Ellis Island, c'est la porte du paradis pour eux qui ont fui la misère et l'exploitation de leurs pays d'origine, pour un pays neuf dont l'idée était que quoi on ait fait à l'origine, seul comptait ce qu'on allait y faire. Il fallait un minimum de cinq dollars pour y entrer, à une époque où en gagner vingt-cinq pouvait prendre deux ou trois ans. Le Musée de l'immigration, sur l'île, c'est l'ambiguïté de l'Amérique qui permet autant qu'elle empêche, qui s'est fondée sur l'accueil après qu'elle a oppressé des peuples entiers pour se construire. Intéressant de voir le public des visiteurs, également: nonobstant les indécrottables Francais beaufs et resquilleurs de queue, beaucoup d'asiatiques, de Noirs-Américains venus, puisque c'est possible, consulter les registres pour vérifier si un de leurs ancêtres n'a pas fait le voyage, n'a pas patienté des heures pour un entretien où l'important, une fois encore, n'est pas ce qu'on a fait avant, mais de ne pas mentir sur ce qu'on a fait, une visite médicale qui traque la maladie des immigrés en scrutant le fond de leur yeux, avec l'angoisse permanente à chaque mouvement des policiers pour ceux qui, dans leur pays d'origine, les varient capables de leur couper la tête. "Comment se fait-il qu'ils sachent mon nom, je ne suis jamais venue?", s'écrie une vieille russe à sa fille. Combien d'entre eux sont morts pour l'Amérique, le film ne le dit pas. Mais au vu des quartiers traversés pour rentrer, Chinatown d'abord, avec un massage des pieds qui a fait un bien fou, Little Italy ensuite, on sait par contre que ceux qui s'étaient promis de ne jamais rentrer ont fait leur chemin, depuis. Ah, oui, j'oubliais, avant Ellis Island, on visite la Statue de la Liberté, émouvante quand on s'en approche, pour le symbole, éprouvante quand on subit ses visiteurs. Plume d'or à un Français, une fois de plus, qui s'arrête de photographier depuis le bateau et avoue à sa compagne " faudrait peut-être que je la regarde!". Aux dernières nouvelles, ils l'ont quand même laissé rentrer, lui: les services d'immigration ne sont plus ce qu'ils étaient.
23:21 Publié dans Blog | Lien permanent
Peter, par cœur.
J'écris ces lignes en rescapé: je voulais me jeter du 86ème étage de l'Empire State Building, pas par dépression, mais par excitation, puisque l'Amérique m'a bouleversé au point que j'ai moi-même, rohmérien invétéré, insisté pour vivre l'expérience ethnologique du cinéma d'action au pays de ceux qui le font.

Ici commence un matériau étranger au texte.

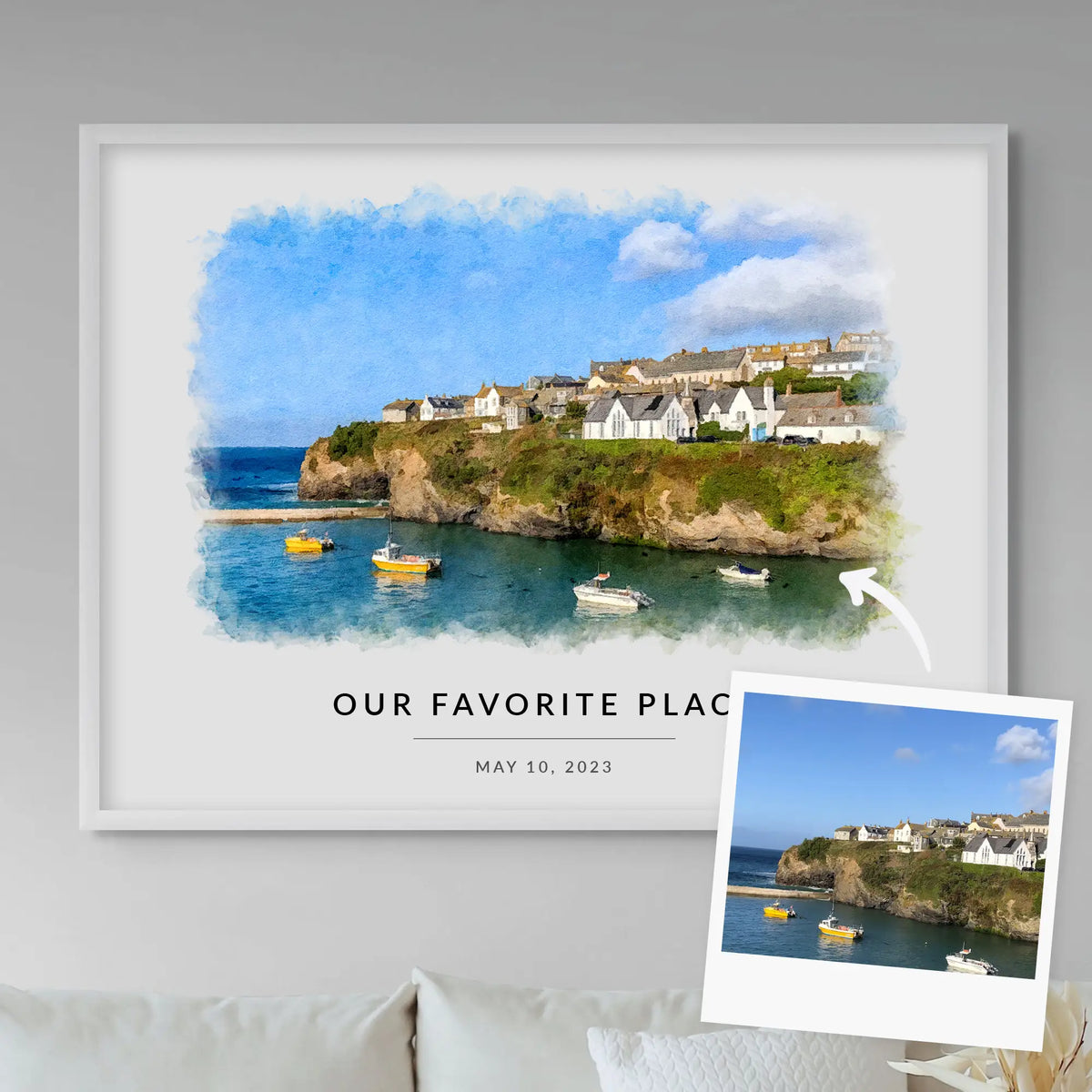 A snapshot of a clifftop harbor village beside its watercolor-style portrait with boats, framed in white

Et Spiderman en 3D, avec Pop Corn au jus de beurre (!) et Coca en hectolitre, on a beau dire, c'est une véritable aventure que j'ai vécue, avec le souci - ethnologique, je vous dis! - de ne rien juger en hiérarchisant, ce qui m'a permis de sourire de choses que je supporterais pas une seule seconde chez moi: des mères de famille avec des bébés de quelques mois dans une salle dont le son est explosif, des enfants en bas âge pour un film plutôt sombre, nonobstant une touche très New-Yorkaise d'ironie et d'humour décalé (quelques répliques superbes sur le crime à Londres), des allers-et-venues incessants vers la source (de nourriture) et les toilettes, de fait. C'est drôle de voir dans le film qu'on regarde les rues et les places par lesquelles on est passé pour venir le voir. Une expérience In situ que je raconterai à mes petits-enfants si j'en ai. À défaut, je la raconterai à Antonin Frémiot puisqu'il a longtemps cru que j'étais le frère de l'homme araignée et que ça le fascinait: oui, je choisis moi-même les enseignes que je raconte aux enfants, ça m'évite de passer par Disney. Spiderman, belle allégorie de l'Amérique qui échoue désormais dans l'Art de sauver tout le monde, qui raconte les catastrophes pour mieux les exorciser, et véritable héros, ici, puisque tout est toujours tourné dans Big Apple, si tant est qu'on finit par y croire. Après tout, il est des religions plus austères. Comme Paul? Non, Brooklyn, c'est pour mardi.